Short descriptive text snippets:
____

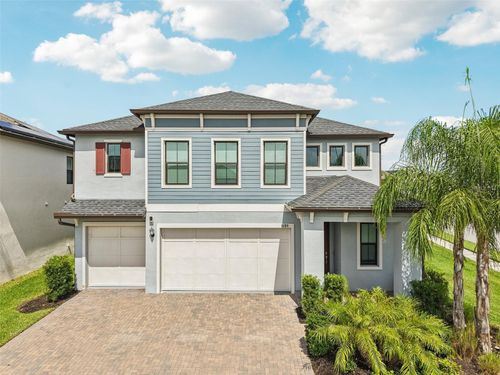 8289 Olympic Stone Cir, NEW PORT RICHEY, FL, 34655-0112 | Card Image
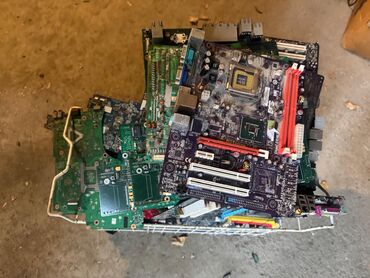 Ana platalar: Ana Platası HAMISI, İşlənmiş -da lalafo.az — 8 Ana platalar: Ana Platası HAMISI, İşlənmiş — 8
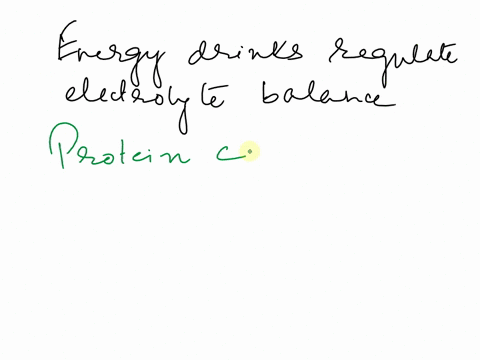 energy-drinks-such-as-redbull-monster-energy-drink-and-rockstar-among-children-teenagers-and-young-adults-has-risen-in-the-last-decade-emergency-department-visits-relating-to-energy-drink-co-90282
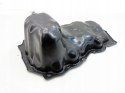 MISKA OLEJU 2.0 ECOBLUE FORD RANGER EVEREST RAPTOR JB3Q-6675-AA MISKA OLEJU 2.0 ECOBLUE FORD RANGER EVEREST RAPTOR JB3Q-6675-AA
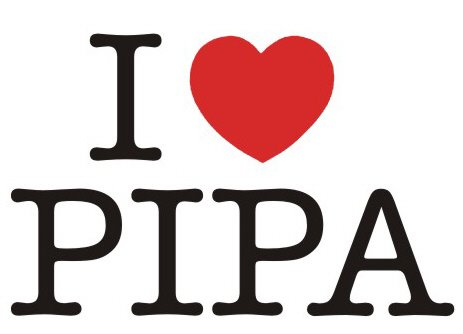 [i+love+pipa.bmp]
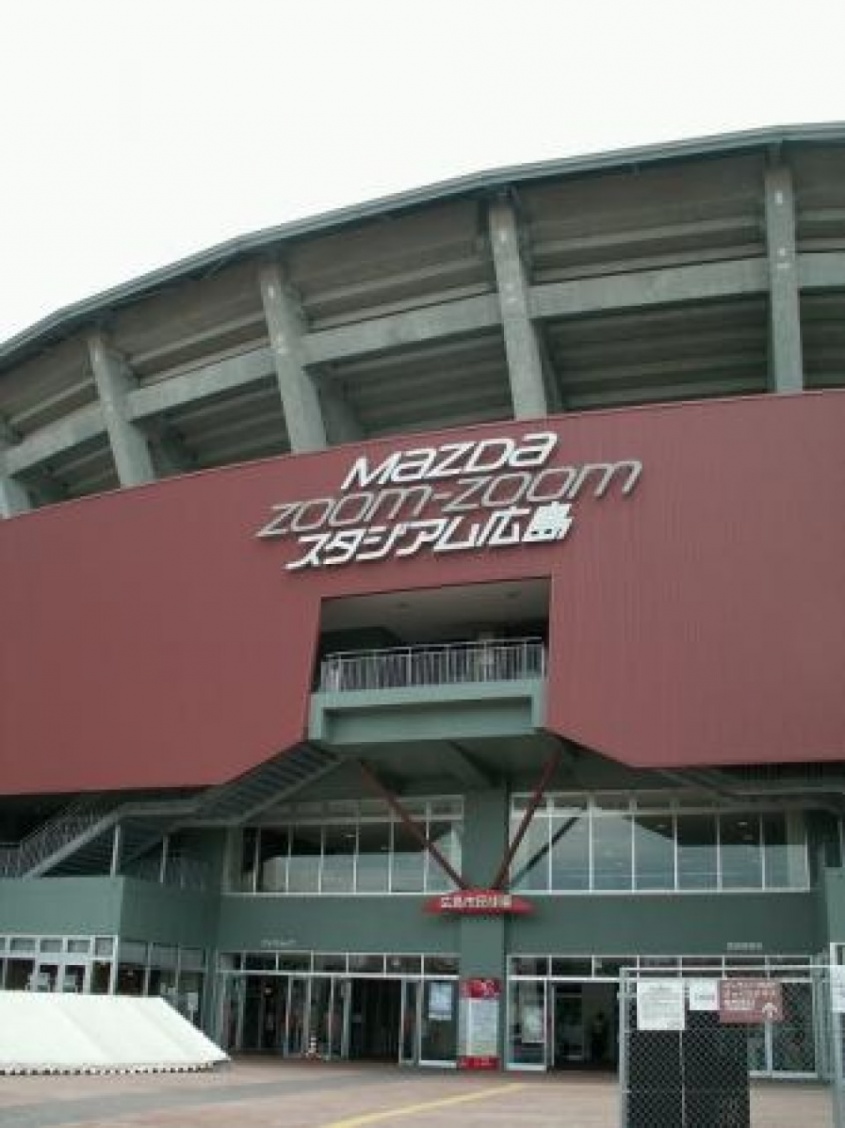 画像はイメージです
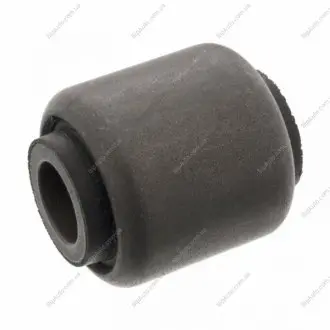 Подвеска FEBI BILSTEIN 47334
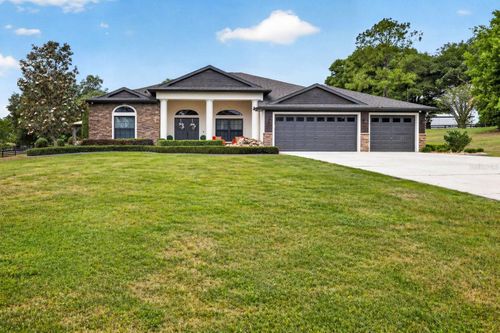 11311 Grandview Drive, DADE CITY, FL, 33525 | Card Image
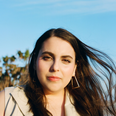 Beanie Feldstein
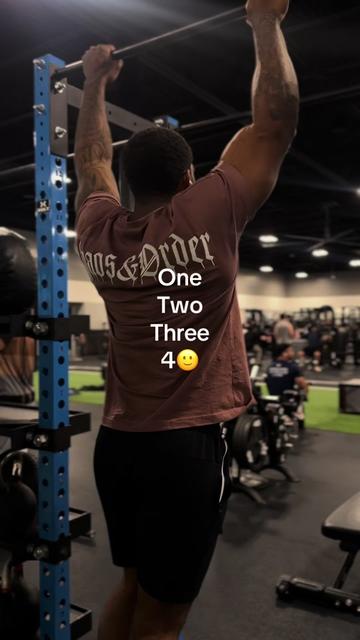 @Cambo4k
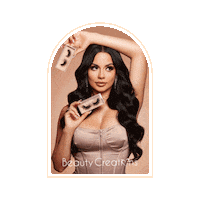 Lesdomakeup Sticker by Beauty Creations Cosmetics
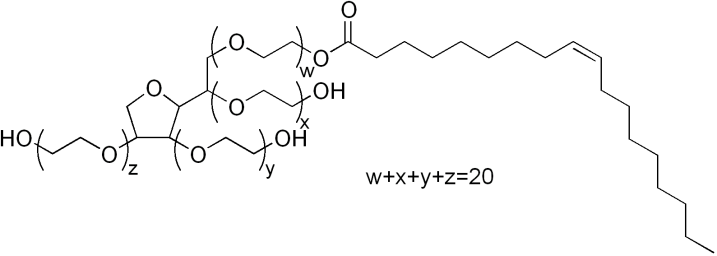 polysorbate_80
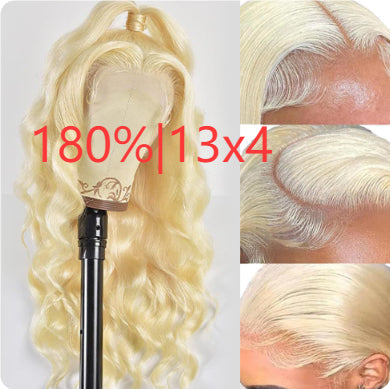 e79a60d704236103ae3bba3ea29979a5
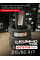 Шина Kumho Ecsta PS71 215/60R17, летняя, для легкового авто, 96H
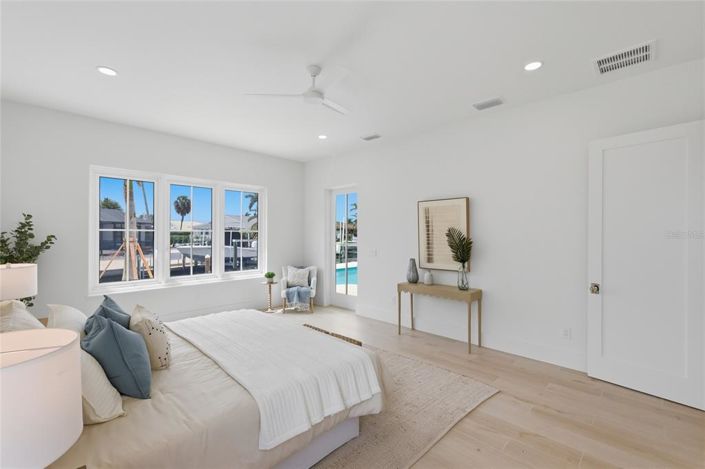 Image No.22-Propriété de 3 chambres à vendre à Holmes Beach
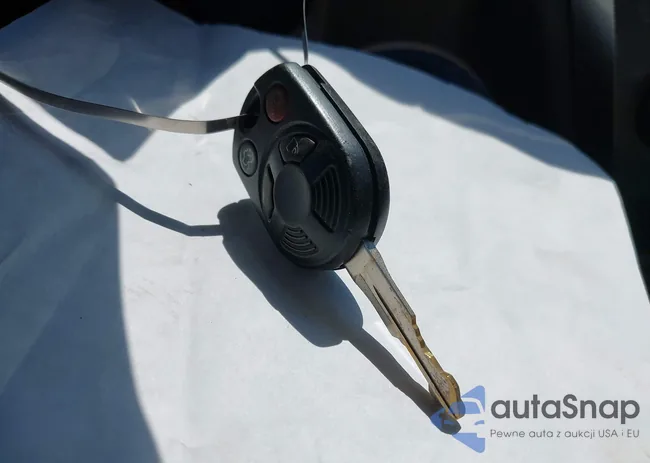 3FAHP0JAXCR107038: 42591729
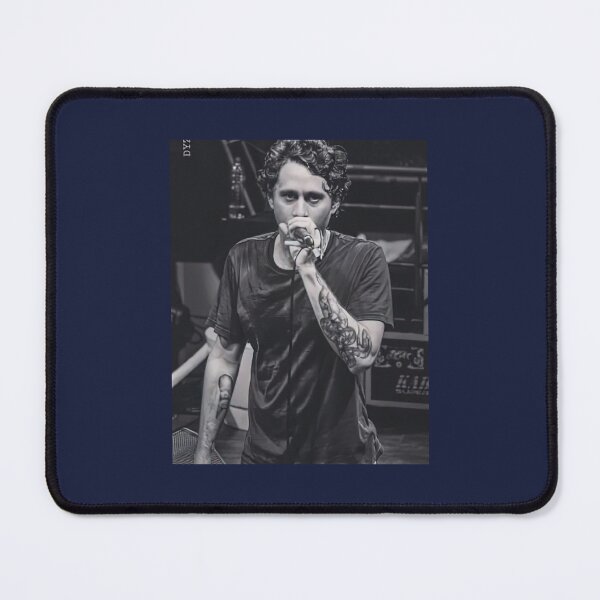 Item preview, Canserbero designed and sold by LamPhuongshop.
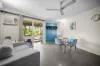20/261-265 Sheridan Street, Cairns North, Qld 4870-Image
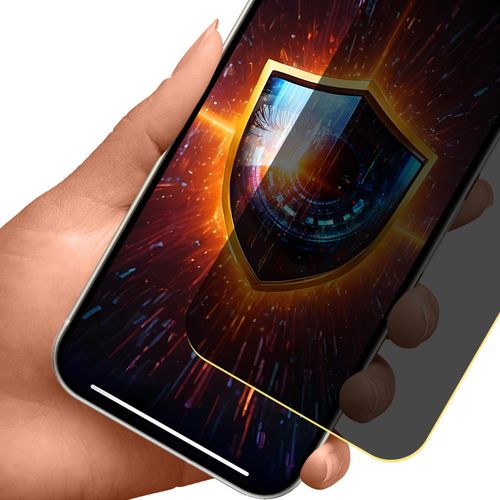 google pixel 10/ 10 pro - 3mk silky matt privacy na Arena.pl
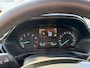 Ford Fiesta 1.0 EcoBoost Connected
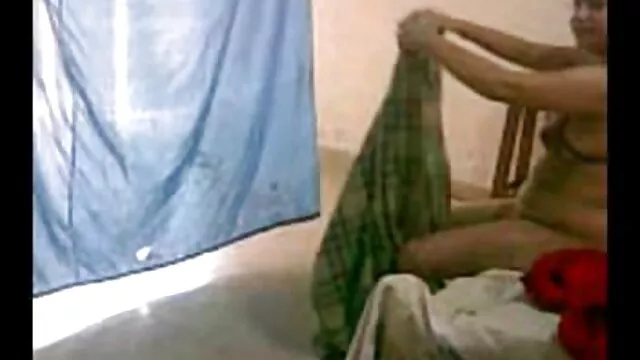সুন্দরী wwwxx বাংলা বালিকা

____

TASK STATEMENT – Copy out only the lines from the one containing "google pixel 10/" to the end of the entries, unchanged. Drop the pictures.

WORKED SOLUTION –
 google pixel 10/ 10 pro - 3mk silky matt privacy na Arena.pl
 Ford Fiesta 1.0 EcoBoost Connected
সুন্দরী wwwxx বাংলা বালিকা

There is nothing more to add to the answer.